- Born: Satinderjeet Singh 11 March 1994 (age 32) Sri Muktsar Sahib, Punjab, India
- Citizenship: Indian
- Years active: 2013–present
- Known for: Involvement in the assassination of Sidhu Moose Wala
- Criminal status: Active

Details
- Targets: Salman Khan, Kapil Sharma, Lucky Patial, Arsh Dalla, Shaganpreet, Jashandeep, Disha Patani

= Goldy Brar =

Indian gangster (born 1994)

Satinderjeet Singh (born 11 March 1994), also known as Goldy Brar, is a Canada-based Indian gangster. Born in Punjab's Muktsar district, he is wanted by Indian authorities in connection with murder, attempted murder, and drug trafficking. He was associated with Lawrence Bishnoi, another gangster of Punjabi origin who is currently incarcerated. Canada's BOLO program named Brar among its top 25 most wanted fugitives. A report of India's National Investigation Agency (NIA) report claims that the Bishnoi gang and Brar are linked to Pro-Khalistan outfits.

==Early life==
Satinderjeet Singh was born on 11 March 1994, in the Sri Muktsar Sahib district of Punjab. His father, Shamsher Singh, worked for the Punjab Police as an assistant sub-inspector. He later moved to Faridkot, Village Burj Hari Ke in Punjab.

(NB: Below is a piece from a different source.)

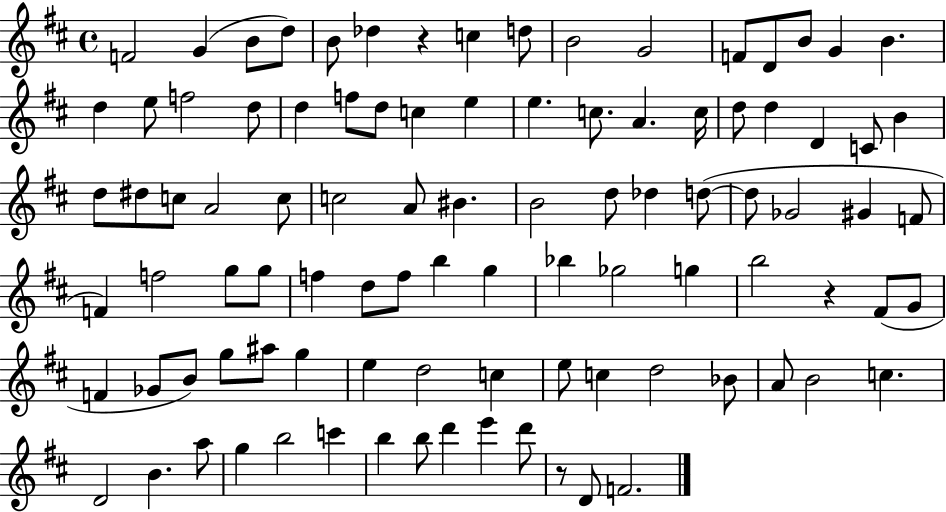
F4/h G4/q B4/e D5/e B4/e Db5/q R/q C5/q D5/e B4/h G4/h F4/e D4/e B4/e G4/q B4/q. D5/q E5/e F5/h D5/e D5/q F5/e D5/e C5/q E5/q E5/q. C5/e. A4/q. C5/s D5/e D5/q D4/q C4/e B4/q D5/e D#5/e C5/e A4/h C5/e C5/h A4/e BIS4/q. B4/h D5/e Db5/q D5/e D5/e Gb4/h G#4/q F4/e F4/q F5/h G5/e G5/e F5/q D5/e F5/e B5/q G5/q Bb5/q Gb5/h G5/q B5/h R/q F#4/e G4/e F4/q Gb4/e B4/e G5/e A#5/e G5/q E5/q D5/h C5/q E5/e C5/q D5/h Bb4/e A4/e B4/h C5/q. D4/h B4/q. A5/e G5/q B5/h C6/q B5/q B5/e D6/q E6/q D6/e R/e D4/e F4/h.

Brar obtained a Canadian student visa and travelled to Canada in 2017.

==Criminal career==
Brar is a member of the Lawrence Bishnoi gang, one of the most notorious criminal gangs in Punjab. The gang is known for its involvement in a number of high-profile crimes, including the murder of several high-ranking police officials. Brar's involvement in the gang increased following the death of his cousin in 2020.

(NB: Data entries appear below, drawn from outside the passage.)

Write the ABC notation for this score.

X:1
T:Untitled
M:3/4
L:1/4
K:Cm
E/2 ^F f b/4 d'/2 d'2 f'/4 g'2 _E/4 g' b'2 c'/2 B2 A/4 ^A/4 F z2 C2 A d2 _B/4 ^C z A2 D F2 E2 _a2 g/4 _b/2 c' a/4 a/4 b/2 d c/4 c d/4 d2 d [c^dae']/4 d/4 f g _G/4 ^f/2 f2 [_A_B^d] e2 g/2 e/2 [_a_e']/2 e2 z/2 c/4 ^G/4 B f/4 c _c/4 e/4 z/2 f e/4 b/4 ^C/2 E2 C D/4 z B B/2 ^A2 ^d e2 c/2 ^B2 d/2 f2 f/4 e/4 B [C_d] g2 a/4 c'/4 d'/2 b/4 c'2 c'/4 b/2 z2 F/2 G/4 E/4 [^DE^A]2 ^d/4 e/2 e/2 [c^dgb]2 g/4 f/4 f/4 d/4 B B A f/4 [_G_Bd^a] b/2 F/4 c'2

In May 2022, a Faridkot court issued a non-bailable arrest and warrant against Brar for killing District Youth Congress president Gurlal Singh Pehalwan. After that, on 29 May 2022, Brar allegedly killed an Indian singer and politician Sidhu Moose Wala, according to a Facebook post by Brar taking responsibility for the shooting.

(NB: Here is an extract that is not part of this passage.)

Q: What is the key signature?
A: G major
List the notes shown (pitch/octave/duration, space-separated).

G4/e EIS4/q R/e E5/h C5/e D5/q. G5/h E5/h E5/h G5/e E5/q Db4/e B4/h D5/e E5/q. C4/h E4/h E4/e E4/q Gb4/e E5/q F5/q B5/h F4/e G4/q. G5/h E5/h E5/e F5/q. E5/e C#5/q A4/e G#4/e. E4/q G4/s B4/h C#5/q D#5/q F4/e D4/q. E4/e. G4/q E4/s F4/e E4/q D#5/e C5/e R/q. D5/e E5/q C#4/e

The Indian government issued a Red Notice against him in June 2022, which means that he can be arrested and extradited from any country that is a member of Interpol. Brar is accused of conspiring with others to acquire and supply illegal firearms, and using those firearms to commit murder and attempt murder.

India's Ministry of Home Affairs designated Brar, the alleged mastermind behind Sidhu Moosewala's murder, a terrorist under UAPA. The MHA cited his association with Babbar Khalsa International (a listed terrorist organisation), involvement in killings, cross-border activities, arms smuggling, and threatening calls. This move underscores Brar's perceived threat to national security.

Brar has been named among the top 25 most wanted fugitives by the BOLO, which has offered a reward of $50,000 for information leading to Brar's arrest. The FBI has also instituted a reward of $50,000 for Brar's arrest, for charges related to the murder of Canadian Sikh activist Hardeep Singh Nijjar.

==Reports of Brar's death==
Brar is currently on the run from Indian and Canadian authorities. He was rumoured to have been shot and killed in Fresno, California, 30 April 2024. While his death was reported in Indian media, it was not confirmed by U.S. authorities. Later on, the Indian media reported that news of his death was incorrect and that the dead man misidentified as Brar was actually Xavier Gladney. The lieutenant of the Fresno Police Department made it clear that the person shot dead was not Brar and quoting the media reports to be "untrue". They are unaware of who started this misinformation on social media and news media in India, without any verification.